ASSIGNMENT:
What you return must match the entries word for word, minus the pictures.

BEGIN

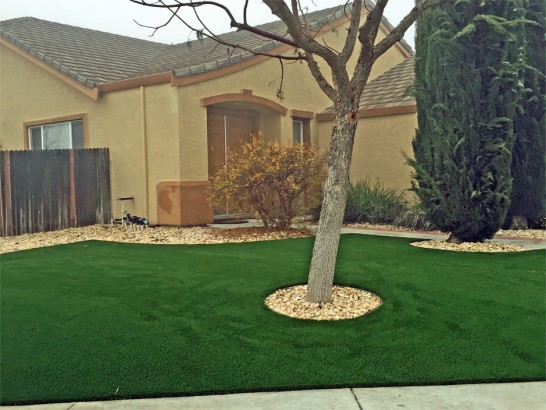 Artificial Grass Photos: Artificial Turf Installation Sudden Valley, Washington Landscaping, Front Yard Landscaping Ideas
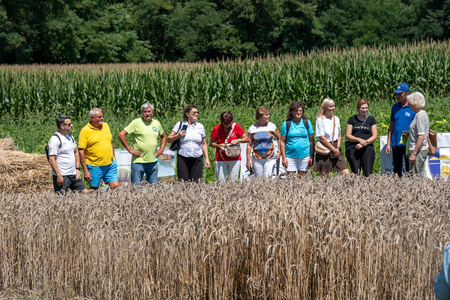 Dobrovnik - 2000 semen - ZETEV 2025-1174632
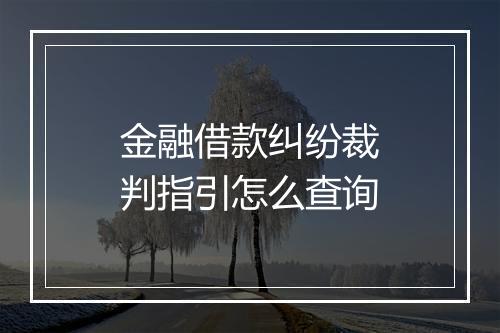 金融借款纠纷裁判指引怎么查询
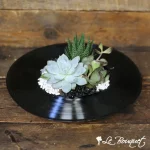 Jardin de succulentes ''Vinyle''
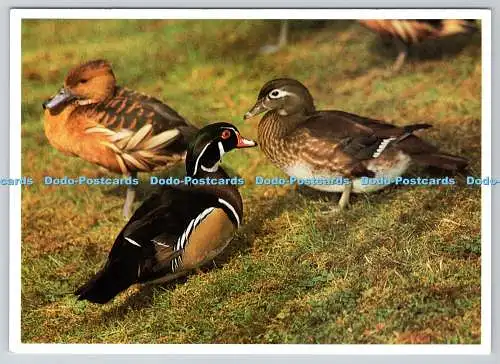 D318795 Tre Duck und Plumed Whistling Duck. Alan Whittaker. WF15. Postkarte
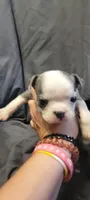 Mismatch , a female Boston Terrier for sale in Grand Rapids, MN – 5 of 7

END

SOLUTION BELOW:
 Artificial Grass Photos: Artificial Turf Installation Sudden Valley, Washington Landscaping, Front Yard Landscaping Ideas
 Dobrovnik - 2000 semen - ZETEV 2025-1174632
 金融借款纠纷裁判指引怎么查询
 Jardin de succulentes ''Vinyle''
 D318795 Tre Duck und Plumed Whistling Duck. Alan Whittaker. WF15. Postkarte
 Mismatch , a female Boston Terrier for sale in Grand Rapids, MN – 5 of 7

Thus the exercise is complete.